Increased Intracranial Pressure Attenuates the Pulsating Component of Cerebral Venous Outflow

Mårten Unnerbäck 1,4,, Johnny T Ottesen 2, Peter Reinstrup 3
PMCID: PMC6757136  PMID: 31240621

Abstract

Background

The underlying physiology of the intracranial pressure (ICP) curve morphology is still poorly understood. If this physiology is explained it could be possible to extract clinically relevant information from the ICP curve. The venous outflow from the cranial cavity is pulsatile, and in theory the pulsatile component of venous outflow from the cranial cavity should be attenuated with increasing ICP. In this study, we explored the relationship between ICP and the pulsatility of the venous outflow from the intracranial cavity.

Methods

Thirty-seven neuro-intensive care patients that had been examined with phase-contrast magnetic resonance imaging regarding cerebral blood flow (CBF) through the internal carotid and vertebral arteries and venous flow in the internal jugular veins were retrospectively included. The pulsatility of the jugular flow was determined by calculating the venous pulsatile index. The results were correlated to clinical data registered in the patient data monitoring system, including ICP and cerebral perfusion pressure (CPP).

Results

CBF was 996 ± 298 ml/min, and the flow in the internal jugular veins equaled 67 ± 17% of the CBF, with a range of 22–97%. The venous pulsatile index correlated negatively to ICP (R = − 0.47 p = 0.003). The lowest flow in the internal jugular veins over the cardiac cycle (Fmin) was not correlated to ICP. Temperature, end-tidal CO2, MAP, and CPP were not correlated to venous pulsatility.

Conclusion

An increase in ICP correlates to a lower pulsatility of the venous outflow from the cranial cavity. A lower pulsatility could be due to increased pressure requirements to compress intracranial veins with increasing ICP.

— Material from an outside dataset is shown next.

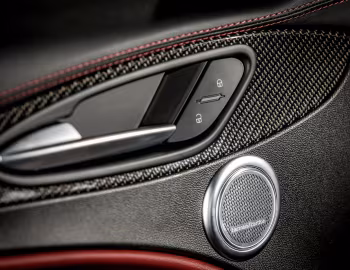 Intérieur Alfa Romeo Stelvio Quadrifoglio NRING (949) '2018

Keywords: Cerebral blood flow measurement, Cerebral hemodynamics, PC-MRI, Jugular veins, Intracranial pressure

Introduction

Generation of intracranial pressure (ICP) is dependent on the rigid cranium enclosing the cranial cavity. The content of the cavity is composed by the brain, venous- and arterial blood, and the cerebrospinal fluid (CSF), all of which are virtually incompressible. The Monro–Kellie doctrine states that any expansion of one of these components must be compensated by a displacement of volume from one or more of the others [1]. The cerebral blood flow (CBF) varies over the cardiac cycle. The peak during systole must be compensated by an extrusion of CSF and especially venous blood. A plausible explanation is that the ICP increase due to arterial influx drives the displacement of venous blood by compression of the thin-walled veins, creating pulsations of the venous outflow [15].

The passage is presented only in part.